Membanggakan karena yang saya lakukan selama ini mendapatkan apresiasi. Ayah kandung saya  memang biasa mengerjakan pekerjaan keseharian itu. Beliau tidak pernah membedakan ini pekerjaan laki-laki dan itu pekerjaan perempuan. Demikian pula yang saya lakukan. Siapa yang sempat belanja, ya belaja; yang sempat menanak nasi, ya menanak nasi. Apalagi, saat itu, saya sebagai ayah single parent setelah kepergian mama kandung Ferril, anak saya.
Penyebutan super dady menyadarkan saya bahwa saya sangat tidak ada apa-apanya dibanding perjuangan dan kedudukan  Ibu. Puisi berjudul Perempuan-Perempuan Perkasa karya Hartoyo Andangdjaja menggambarkan itu. Pada bait ketiga, puisi itu menggambarkan: Perempuan-perempuan perkasa yang membawa bakul di pagi buta, siapakah mereka / mereka ialah ibu-ibu berhati baja, perempuan-perempuan perkasa / akar-akar yang melata dari tanah perbukitan turun ke kota / mereka: cinta kasih yang bergerak menghidupi desa demi desa.

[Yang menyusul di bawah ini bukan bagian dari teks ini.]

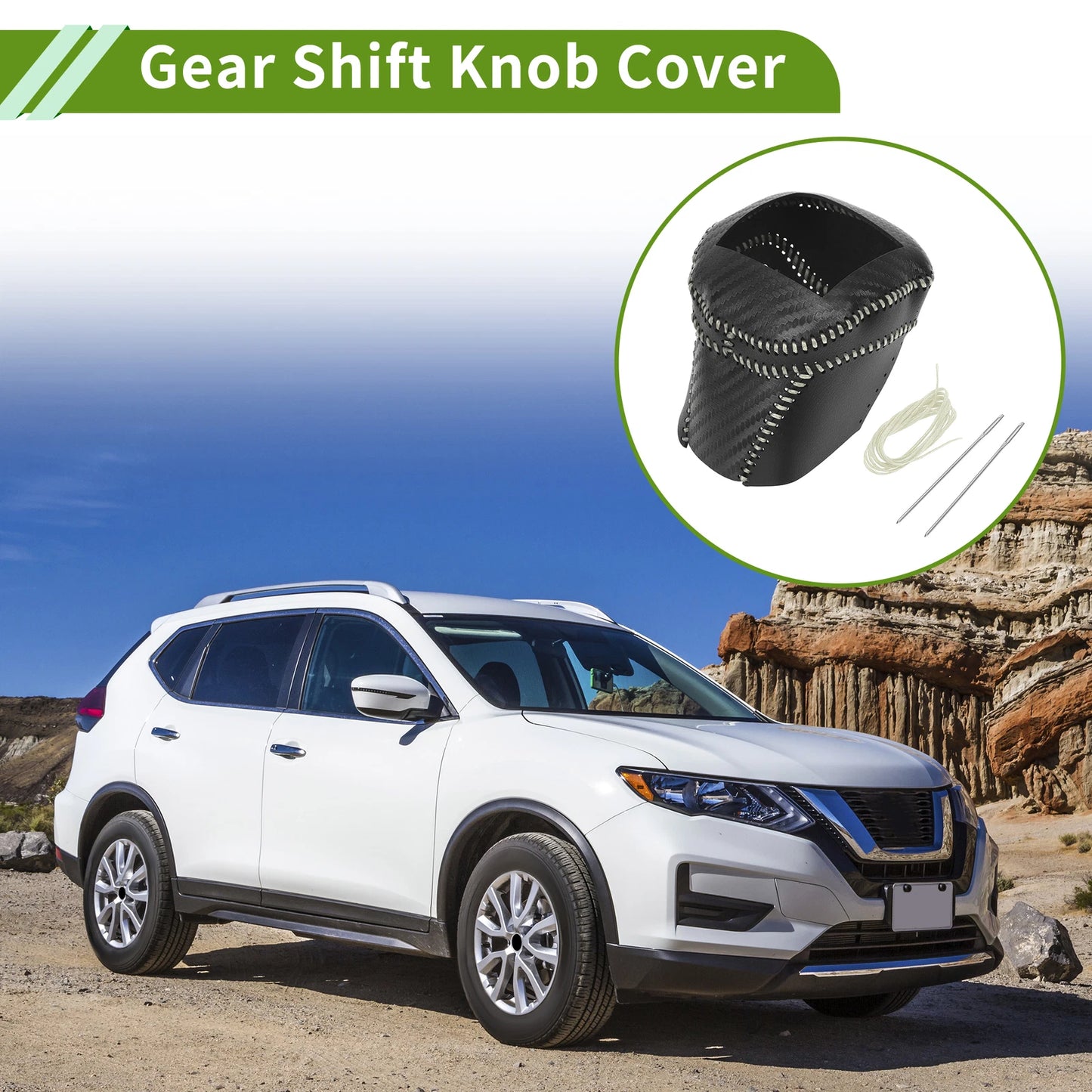 Gear Shift Knob Cover for Nissan Rogue (2021–2024) Black Carbon Fiber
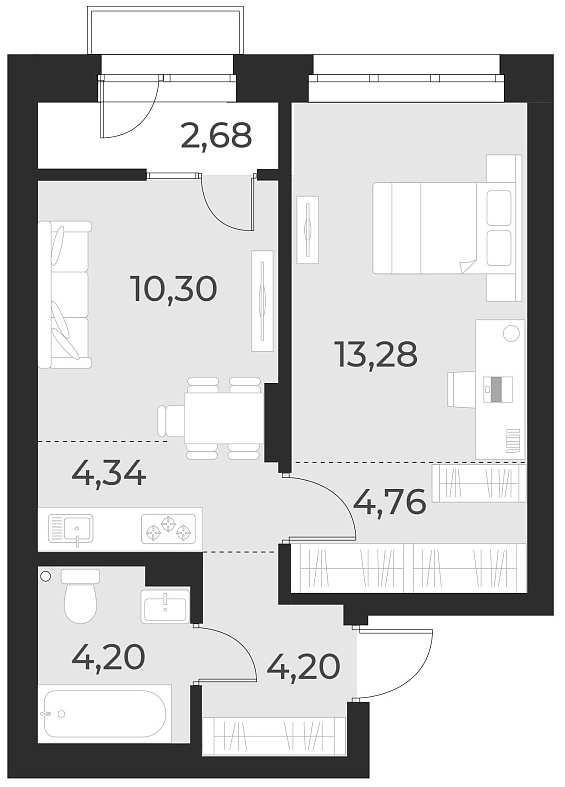 Планировка 2е-к.кв 41.10 м² в ЖК «Русское солнце»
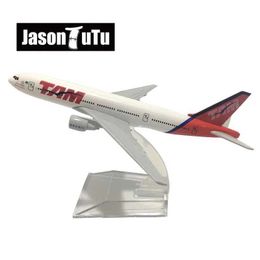 Aircraft Modle JASON TUTU 16cm Tam Airlines Boeing 777 Aeroplane Model Plane Model Aircraft Diecast Metal 1/400 Scale Planes Factory Wholesale Y240522RX8D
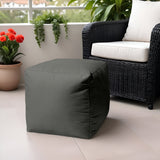 17" Cool Dark Gray Solid Color Indoor Outdoor Pouf Ottoman - Homeroots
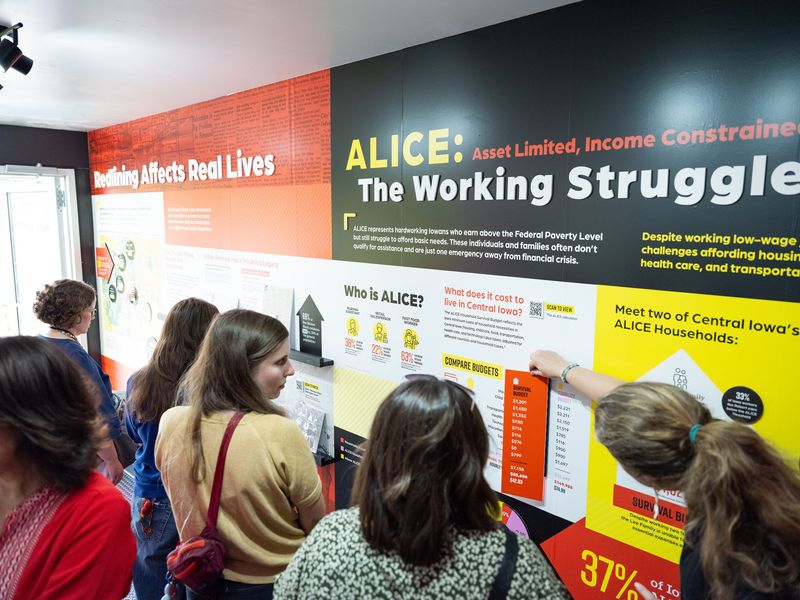 An exhibit taking a closer look at central Iowa's housing issues returns Aug. 20 at The Harkin Institute for Public Policy & Citizen Engagement at Drake University in Des Moines.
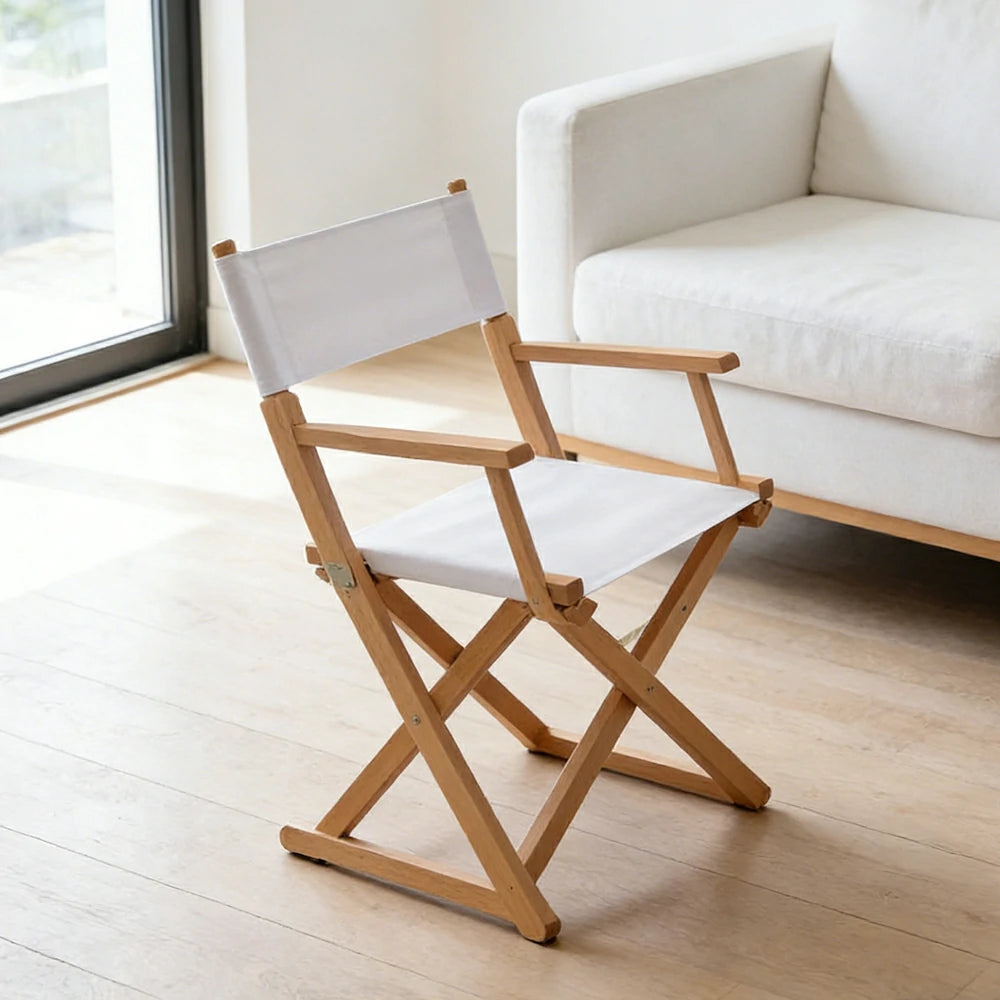 SOLARA Folding Director Chair - Solid Wood Cross Frame with Breathable Canvas Seat, Portable Outdoor Camping & Makeup Chair - Natural Wood & White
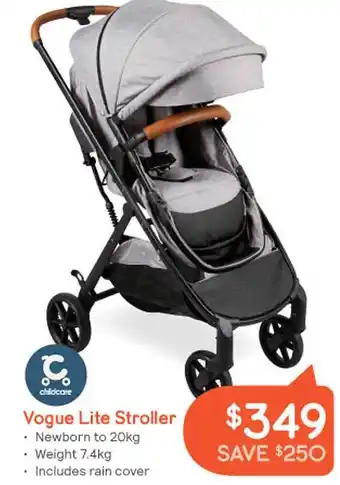 Baby Bunting Vogue lite stroller childcare offer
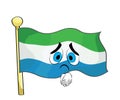 Sad cartoon illustration of Siera Leone flag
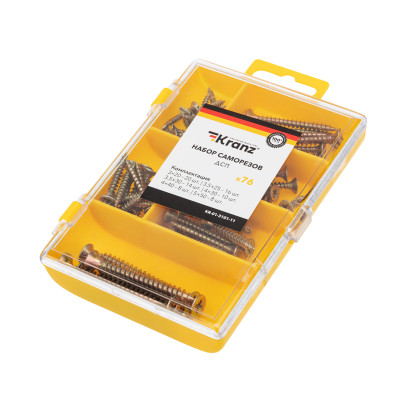Набор саморезов для ДСП (76 шт/уп) KRANZ, KR-01-3101-11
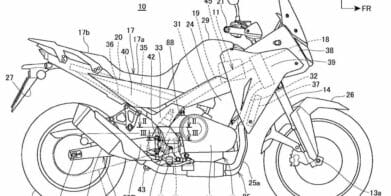 New patent images showing additional details on the upcoming Transalp XL750. Media sourced from CycleWorld.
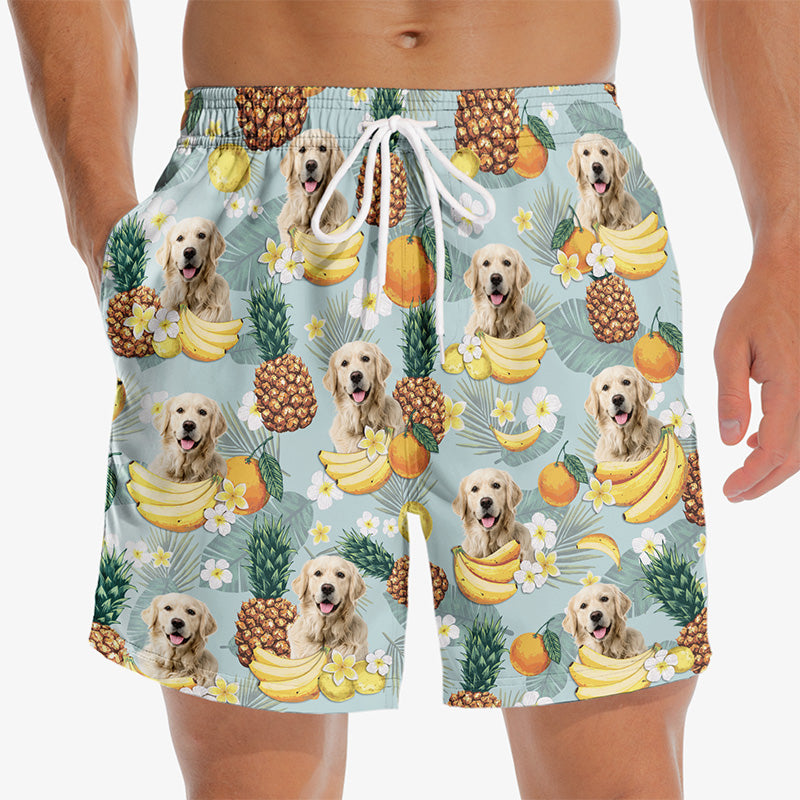 Custom Photo Sunrise Sunburn Sunset - Dog & Cat Personalized Custom Tropical Hawaiian Aloha Men Beach Shorts - Summer Vacation Gift, Birthday Party Gift For Pet Owners, Pet Lovers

Kedudukan keramat Ibu digambarkan sangat indah dalam puisi berbentuk soneta karya Rhoma Irama, antara lain, dinyatakan: Doa ibumu dikabulkan Tuhan / Dan kutukannya jadi kenyataan / Rido Ilahi karena rido-Nya / Murka Ilahi karena murkanya … Tiada keramat yang ampuh di dunia / selain dari doa ibumu jua//
Saya mempunyai penggalan cuplikan kisah personal yang menggambarkan luar biasa perkasanya perempuan sebagai Ibu: perkasa dalam esensi yang hakiki. Saya yakin, banyak kisah lain dari pembaca yang menunjukkan keperkasaan yang sama, bahkan lebih dari sekedar yang saya kisahkan ini.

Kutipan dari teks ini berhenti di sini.